There are several features of these alternatives.
(a) The feature of the One and the many: the one Fountain; the many cisterns.
Here we have a voice of the Prophet which, having been missed, has resulted in - not only Israel's undoing - but, largely in that of organized Christianity, and is not absent from evangelical Christianity. It is a matter to which the Bible gives the most serious attention, and upon which the New Testament is very largely built. It is no less a question than that of the all-sufficiency of God or - alternatively - the many devices of men. It is just the exclusive and final fulness of God or the independent or plus resource of human effort. This is the inherent principle of the One Fountain or of the many hewn out cisterns. Into what a lot of Christian work and activity this issue has become real! From the dawn of man's active relationship with God there has been this incorrigible propensity of man to "put forth his hand" and lay it possessively or controllingly upon God's things. Probably this is Satan's (Lucifer's) sin which led to his fall, and was the very nature of his 'tempting' and deceiving Adam. That is why God calls this 'evil'. It is the evil of dividing God's place; of insinuating man's independence, and implying man's ability. It is at the heart of humanism, of autocracy, of dictatorship. It is the essence of that so oft-referred to symbolic term in the New Testament - "the flesh". It is the principle of the 'uncircumcised heart', which - like the 'uncircumcised Philistines' - insinuates itself in the things of God. It is full of significance that it was not until David came fully and pre-eminently to the throne that the Philistines were finally subdued. Theirs was a hand against the throne. Not until Christ is absolutely Lord will this tendency to self-assertion be overruled.
What the many "cisterns" represent in their form and nature is just legion; too many things produced by human strength, intelligence, and ingenuity to tabulate or catalogue.

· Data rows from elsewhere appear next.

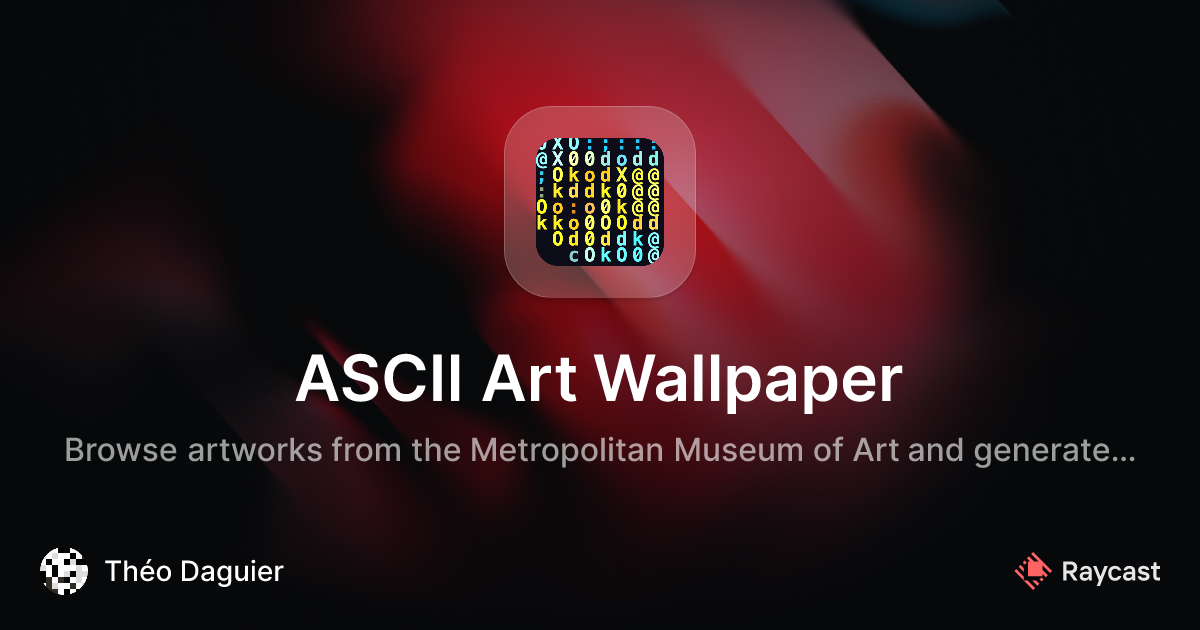 Raycast Store: ASCII Art Wallpaper
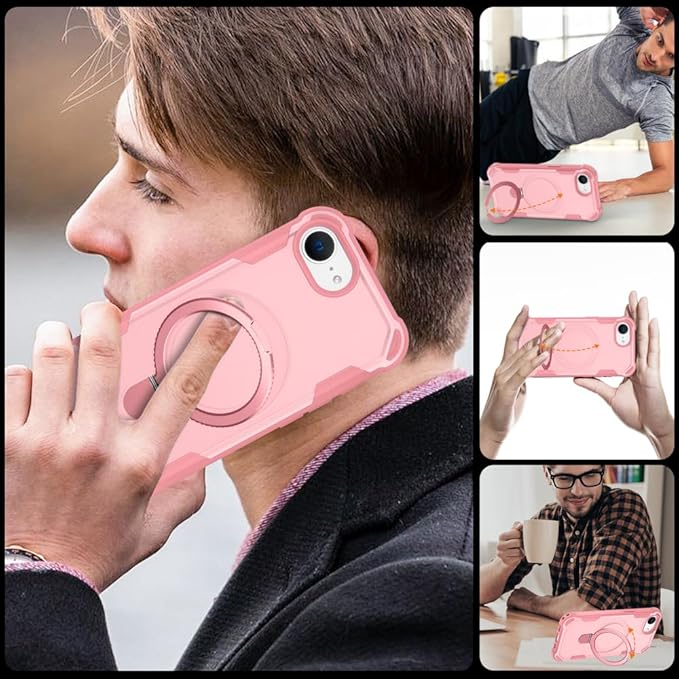 Designed for iPhone 16E Case with Magnetic Stand [Military Drop Protection][Compatible with Magnet] Shockproof 16E Phone Case with Ring Holder, Pink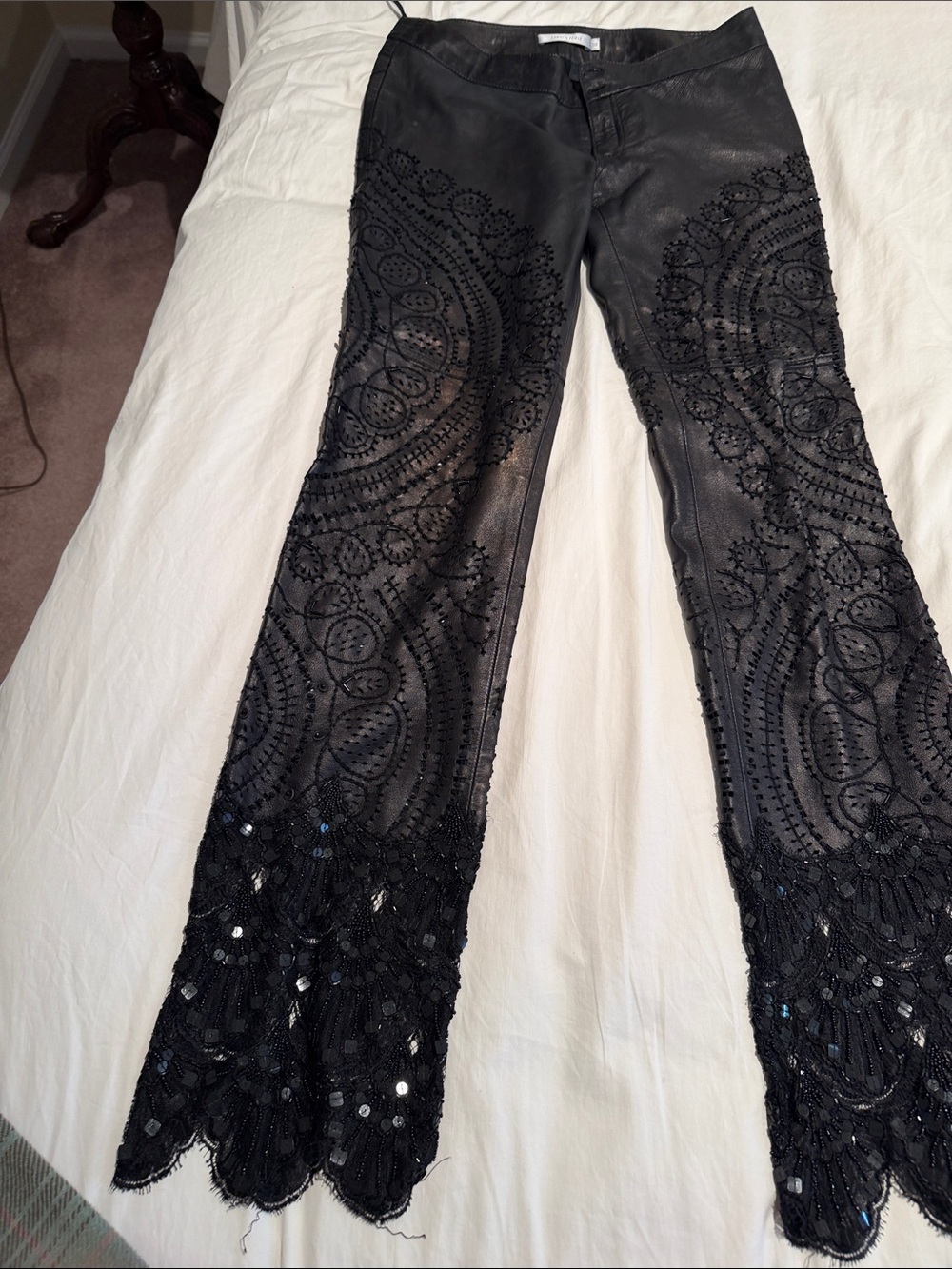 Carlos Miele Black Leather Skinny Jeans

There is a very serious and solemn precautionary reason why, after having given the command and commission to His Apostles to go into all the world, He added "But, tarry ye... until ye be clothed with power from on high" (Luke 24:49); "He charged them not to depart... but to wait for the promise of the Father" (Acts 1:4). The world-commission must never be taken upon any kind of natural energy. The Holy Spirit alone, and that as a definite bit of personal history, is to be the source of God's work.
(b) Another difference is indicated in our text.
The cisterns of religious man's hewing can "hold no water". Perhaps the emphasis should be upon the word "hold". They are 'empty' because they are leaky. They have to be repeatedly and continually filled artificially. Their hewers are involved in the arduous task of finding and replenishing the resources. They get something and it leaks away, and dryness demands more and more human effort to defeat it. What a true description of all that comes from man putting his hand upon God's work! His are indeed leaky cisterns. On the other hand there is the Fountain. Full, final, inexhaustible, and ever fresh, never stagnant.
"The water that I shall give him shall become in him a well of water springing up unto eternal life" (John 4:14).
"Out of him shall flow rivers of living water" (John 7:38).
What a thing it is to have an opened Heaven, and never to have to hew out a message, a discourse, a ministry, an enterprise! It was against this weary, disappointing, laborious life that Jeremiah testified, and his "Voice" must be listened for in this matter today for an evil thing has limited the life of the Lord. Fulness is always a mark of the good pleasure of the Lord.